Sunday 23 December 2012

Accreditation of all higher education institutes to be made mandatory from 2013

Accreditation for all higher educational institutions will be made mandatory from next year. With the National Accreditation Regulatory Authority (NARA) bill hanging fire for the last two years, the human resource development (HRD) ministry is planning to make accreditation mandatory for public and private institutions through executive order to continue with the reform process.

Accreditation of educational institutions will help students assess the quality of programmes and courses, physical infrastructure and faculty. At present, only a fraction -- about 15% institutions -- are accredited.

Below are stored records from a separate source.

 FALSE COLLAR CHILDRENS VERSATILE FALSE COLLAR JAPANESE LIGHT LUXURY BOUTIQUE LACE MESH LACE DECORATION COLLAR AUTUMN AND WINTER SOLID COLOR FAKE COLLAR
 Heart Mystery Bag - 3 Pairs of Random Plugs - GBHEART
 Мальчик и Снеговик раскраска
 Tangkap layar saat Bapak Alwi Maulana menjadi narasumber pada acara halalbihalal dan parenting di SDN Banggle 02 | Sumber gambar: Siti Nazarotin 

HRD minister M M Pallam Raju said both Universities Grants Commission (UGC) and All India Council for Technical Education (AICTE) have been tasked with preparing benchmarks for the accreditation process. In fact, the ministry will be writing to state governments to establish accreditation agencies that will inspect institutions on these regulatory benchmarks.

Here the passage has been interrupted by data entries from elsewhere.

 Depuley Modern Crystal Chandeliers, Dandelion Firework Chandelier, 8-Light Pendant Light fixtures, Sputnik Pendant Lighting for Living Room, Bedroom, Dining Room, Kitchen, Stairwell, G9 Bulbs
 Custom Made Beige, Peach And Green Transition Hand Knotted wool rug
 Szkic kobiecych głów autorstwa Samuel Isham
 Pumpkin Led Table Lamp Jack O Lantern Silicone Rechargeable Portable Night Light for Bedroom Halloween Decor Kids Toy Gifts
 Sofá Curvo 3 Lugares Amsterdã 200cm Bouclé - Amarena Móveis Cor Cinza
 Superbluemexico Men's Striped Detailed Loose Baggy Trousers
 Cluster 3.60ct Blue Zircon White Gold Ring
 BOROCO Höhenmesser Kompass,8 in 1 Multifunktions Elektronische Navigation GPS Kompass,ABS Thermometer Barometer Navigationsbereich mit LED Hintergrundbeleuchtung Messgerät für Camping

AICTE has also been asked to set up another accreditation agency — Indian Board of Accreditation — that will assist the existing National Board of Accreditation in inspections of institutions. "There was need felt for a new accreditation body and AICTE will set up the IBA by February," Raju said.

AICTE has under it 3,800 technical institutions, 3,700 management institutions, 3,500 polytechnics, 240 hotel management institutions and 60 applied art institutions. These institutions approach AICTE every year for either renewal of their accreditation or for introduction of new disciplines or other expansion plans. There are 60,000 programmes that are accredited under AICTE at present.

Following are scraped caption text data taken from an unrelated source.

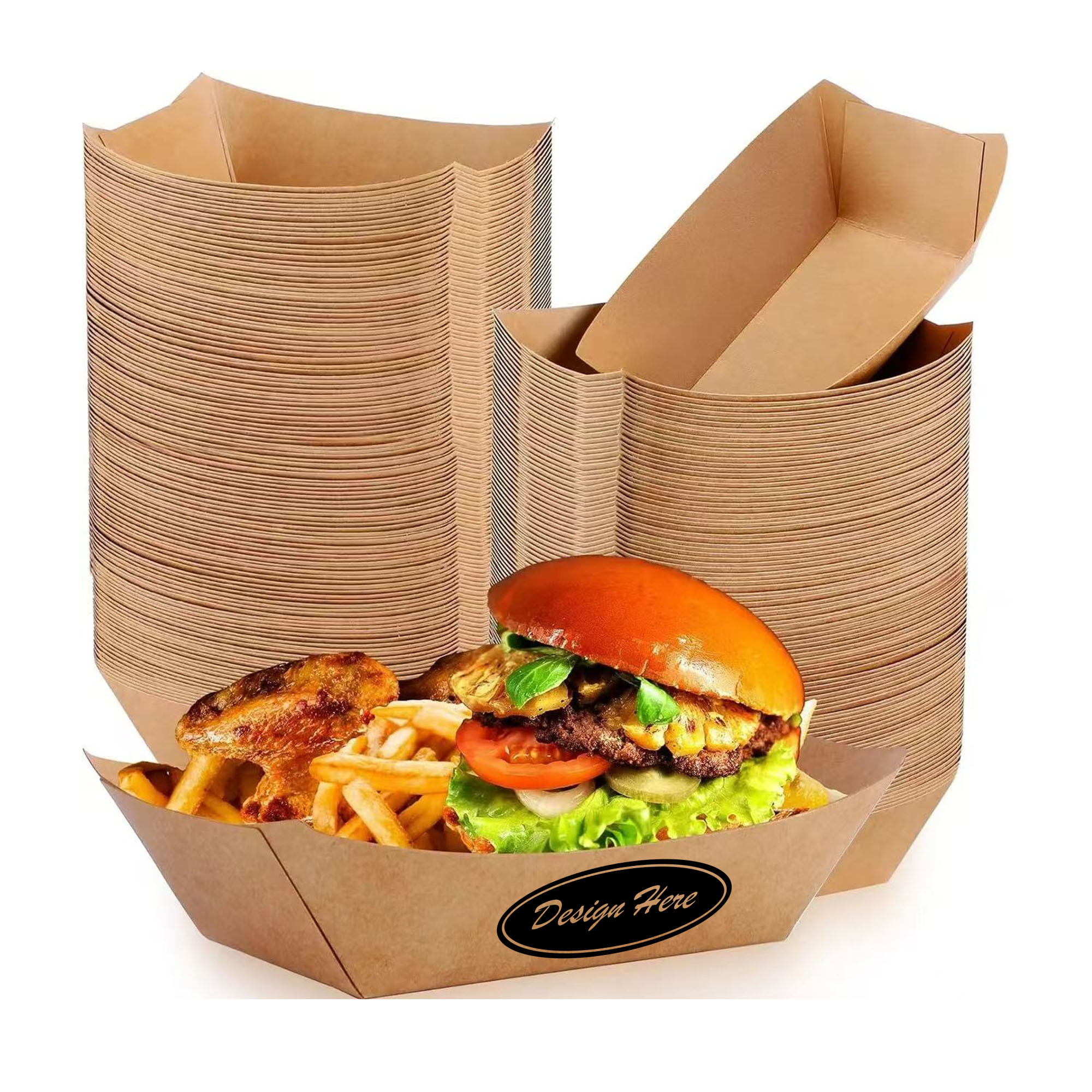 Eco Kraft Paper Boat Box for Serving French Fries & Snacks 6
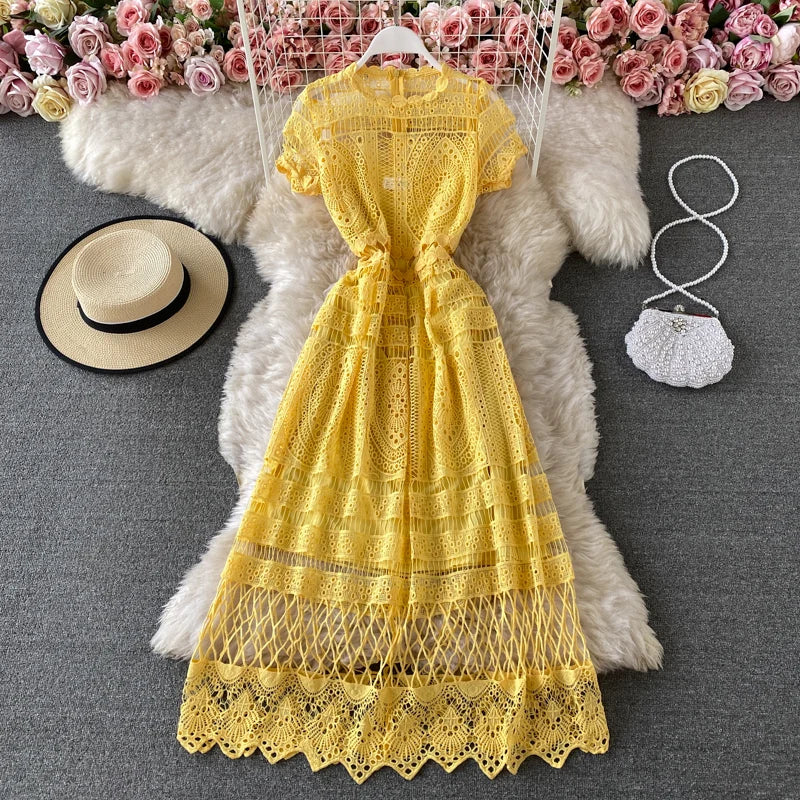 Yellow lace summer dress on sale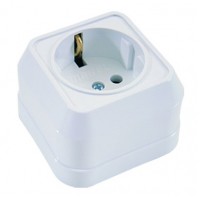 Розетка с заземлением Makel Siva Ustu IP20 белый (45108)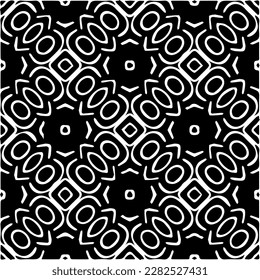 Background with abstract shapes. Black and white texture. Seamless monochrome repeating pattern for web page, textures, card, poster, fabric, textile.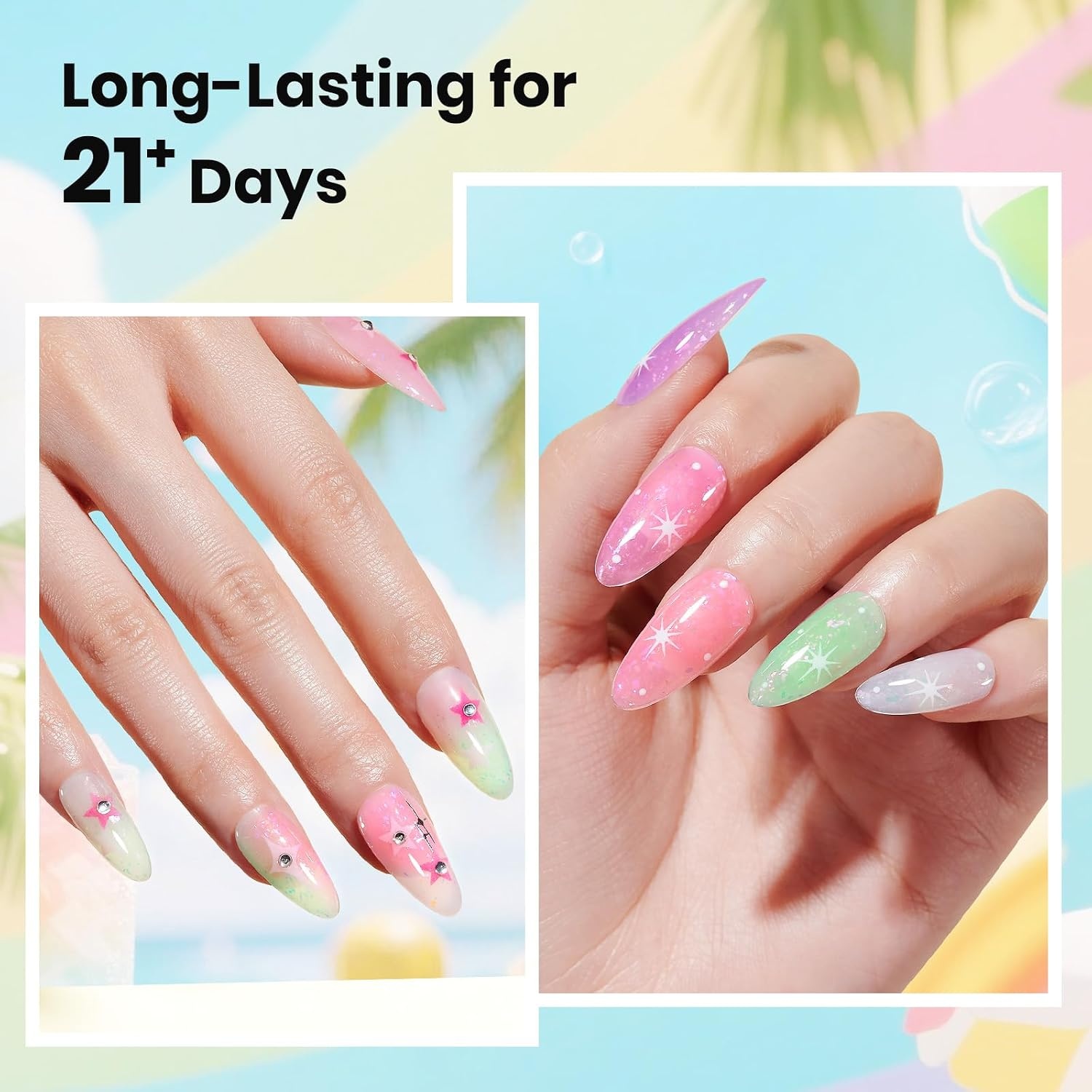 image:imageBeetles Rubber Base Gel Nail Polish 6 Colors Nude Gel Polish Pink Peach Neutral Sheer French Tips Base Colors for Nails Flexible U V LED Soak Off for DIY Home Manicure Nail GiftsClear 6 PCS Rubber Base Gel Set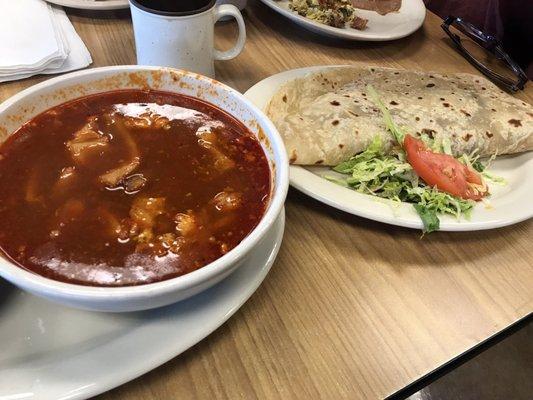 Menudo and barbacoa taco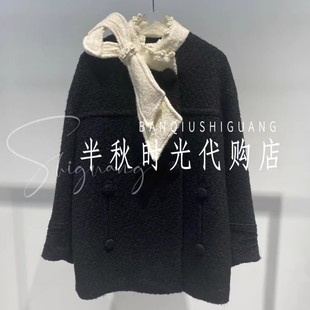 LF25D41SY157原3895Lefame拉飞姆25冬蝴蝶结毛呢外套 小魔女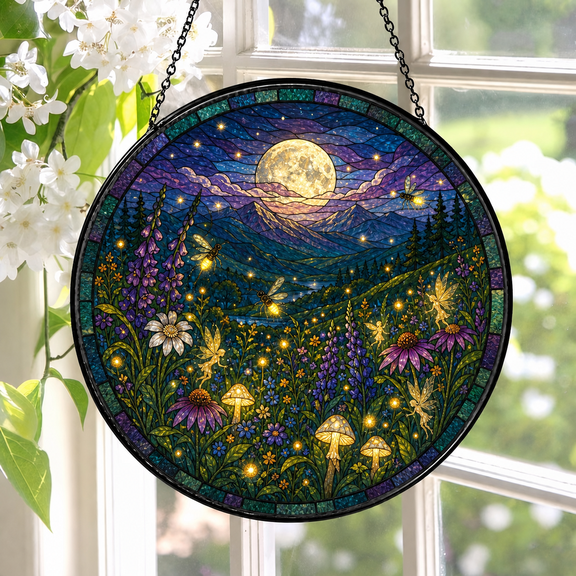 Stained Glass Suncatcher Window Hanging Enchanted Firefly Garden Gift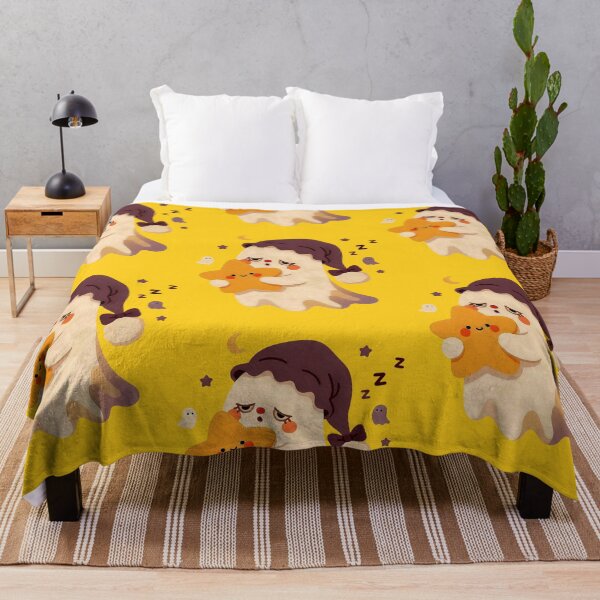 Item preview, Sleepy Little Ghost Holding a Star Pillow Sweet Dreams Halloween Art designed and sold by urmoments.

"There is a long pendency already and once the process is made mandatory, the waiting period will only increase. We have to build our capacity before that," AICTE chairman Prof S S Mantha said.

Under the NARA bill, existing universities will be given six years to complete the accreditation process while new universities will be allowed to complete teaching two batches of students. However, it remains unclear how the government will succeed in enforcing the accreditation process through rules.

HRD ministry officials said that under the UGC Act, the commission was empowered to shut down a department if there was non-compliance. However, that has not been done so far.